Mi padre me refirió la historia de
Gertrudis Belmonte, nuestra vecina. Me confesó que, si no la había historiado
antes, fue para no cometer una negligencia moral. Ahora que ya no estoy en esa
casa, ni en ese barrio de pasmosos recuerdos, aquellos cuidados no parecen
importar.
Yo la evoco con un rostro abultadamente
fastidioso, con la boca torcida y ojos pequeños detrás de unos gruesos
anteojos. Descansaba sobre una ventana que daba a la vereda rosada. Desde ese
lugar se abandonaba a su extravío de desprecio; fustigada acaso por nuestros
gritos infantiles y por los azarosos golpes de la pelota, la mujer nos
ahuyentaba con fervor. Nosotros la imaginábamos una mujer triste y resignada a
la soledad, pero estábamos equivocados. Un ejército de gatos se detenían frente
a la fachada de su casa, y allí se quedaban para recibir platos de leche, o
para el descanso ocioso. En nuestra calle era populosa la presencia de los
animales; los encontrábamos bajo los automóviles o recostados en las tapias. A
veces, con mis amigos, nos permitíamos ser crueles con ellos; y éramos
justicieros y cobardes a la vez. La señora Belmonte deploraba nuestros aspectos
juveniles y rebeldía desbordada y
defendía a esos gatos como si fueran hijos propios. No faltaron en la cuadra
dispersas trifulcas vecinales, pero la anciana nunca salía de su casa, y se
limitaba a arrojarnos injurias desde su ventana.

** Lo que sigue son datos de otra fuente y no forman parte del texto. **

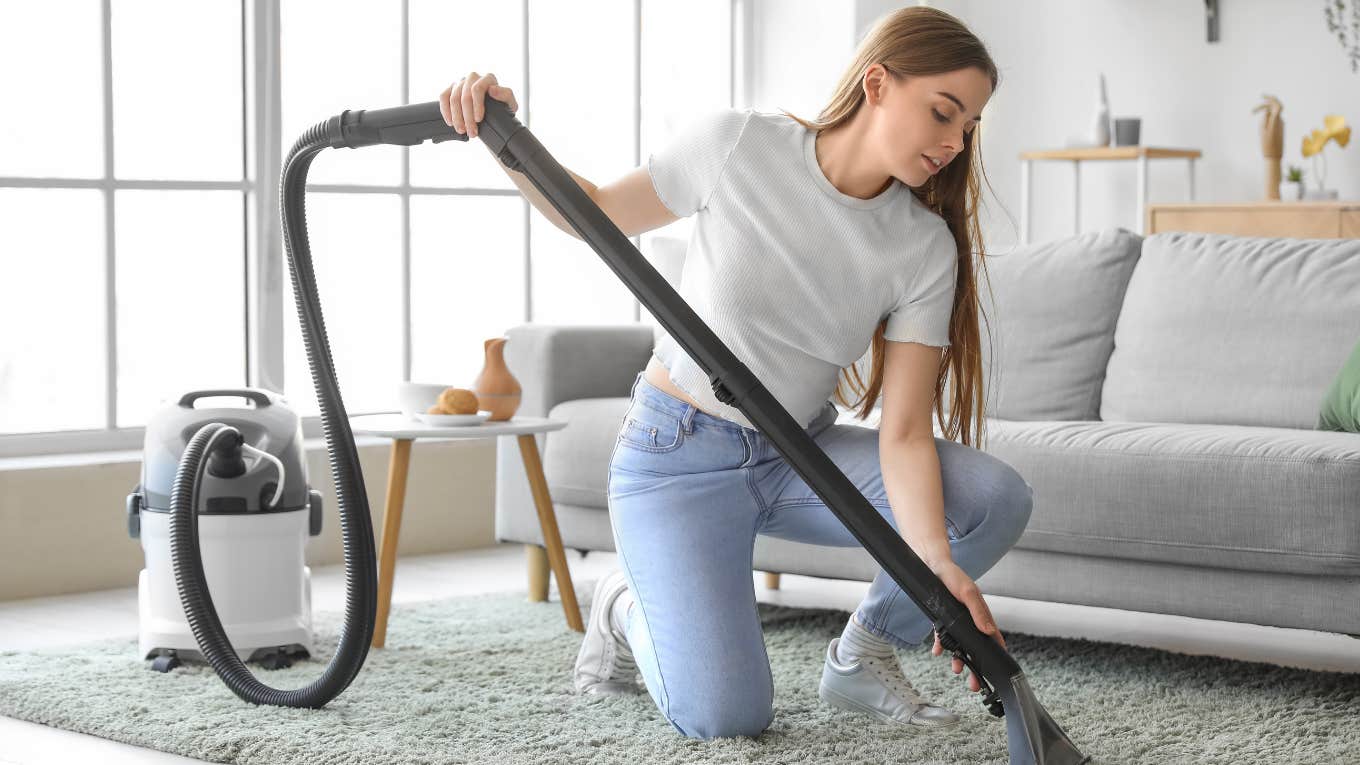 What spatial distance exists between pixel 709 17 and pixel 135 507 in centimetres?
305

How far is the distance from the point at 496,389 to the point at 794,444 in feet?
4.55

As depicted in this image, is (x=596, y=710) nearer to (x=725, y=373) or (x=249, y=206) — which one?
(x=725, y=373)

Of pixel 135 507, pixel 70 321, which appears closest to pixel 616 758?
pixel 135 507

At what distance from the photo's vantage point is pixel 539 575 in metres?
3.34

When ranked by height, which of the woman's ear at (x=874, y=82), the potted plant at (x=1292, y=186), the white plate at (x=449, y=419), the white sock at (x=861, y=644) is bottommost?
the white sock at (x=861, y=644)

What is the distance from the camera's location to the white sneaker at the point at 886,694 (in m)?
2.24

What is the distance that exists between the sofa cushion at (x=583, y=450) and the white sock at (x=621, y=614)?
0.78 metres

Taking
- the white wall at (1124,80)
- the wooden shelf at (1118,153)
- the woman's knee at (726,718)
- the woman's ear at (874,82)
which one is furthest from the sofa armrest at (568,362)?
the wooden shelf at (1118,153)

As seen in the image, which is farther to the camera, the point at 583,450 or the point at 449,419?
the point at 583,450

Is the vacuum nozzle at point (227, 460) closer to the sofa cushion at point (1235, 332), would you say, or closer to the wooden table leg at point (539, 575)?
the wooden table leg at point (539, 575)

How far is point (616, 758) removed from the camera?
206 cm

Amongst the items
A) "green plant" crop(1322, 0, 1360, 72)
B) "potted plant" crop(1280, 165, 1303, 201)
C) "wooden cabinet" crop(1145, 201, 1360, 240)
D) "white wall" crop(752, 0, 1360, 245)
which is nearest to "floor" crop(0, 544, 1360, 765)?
"wooden cabinet" crop(1145, 201, 1360, 240)

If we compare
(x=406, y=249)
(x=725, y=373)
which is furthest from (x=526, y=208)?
(x=725, y=373)

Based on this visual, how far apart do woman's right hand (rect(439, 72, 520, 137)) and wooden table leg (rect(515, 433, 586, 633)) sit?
47.6 inches
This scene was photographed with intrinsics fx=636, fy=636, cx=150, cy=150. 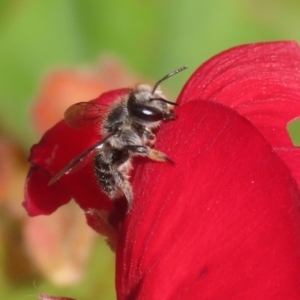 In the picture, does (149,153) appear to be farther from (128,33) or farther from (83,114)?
(128,33)

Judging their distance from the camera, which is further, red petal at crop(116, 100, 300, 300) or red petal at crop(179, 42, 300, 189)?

Cierta noche mi padre salió a la calle, y
encontró a la anciana parada en el medio de su vereda rosada, rodeada de todos
los gatos ansiosos. Maullaban sostenidamente, y mi padre imaginó que era el
horario de la comida para los animales. Pero la anciana había salido a la
vereda para llamarlos. Con un papel arrugado en sus manos temblorosas la señora
Belmonte iba dictando nombres, y los gatos entraban en su casa prolijamente, en la medida de escuchar los
suyos, frente a la absorta mirada de mi padre. Cuando nombró al último, el gato
que quedaba en la vereda entró, y ella volvió su mirada a mi padre, con aire de
desprecio.
Mi padre me confió que estaba suspendido
por el estupor, pero no se privó de indagar el suceso. Caminó cautelosamente
hasta la ventana de Belmonte, y miró por las rendijas de la persiana blanca.
Vio una reunión numerosa de mujeres mayores, sentadas en círculo y comiendo de
pomposas bandejas de canapés y copas de vino.
Hablaban, se reían y discutían ruidosamente. Vio a Gertrudis Belmonte
sonriendo y conversando con ademán familiar.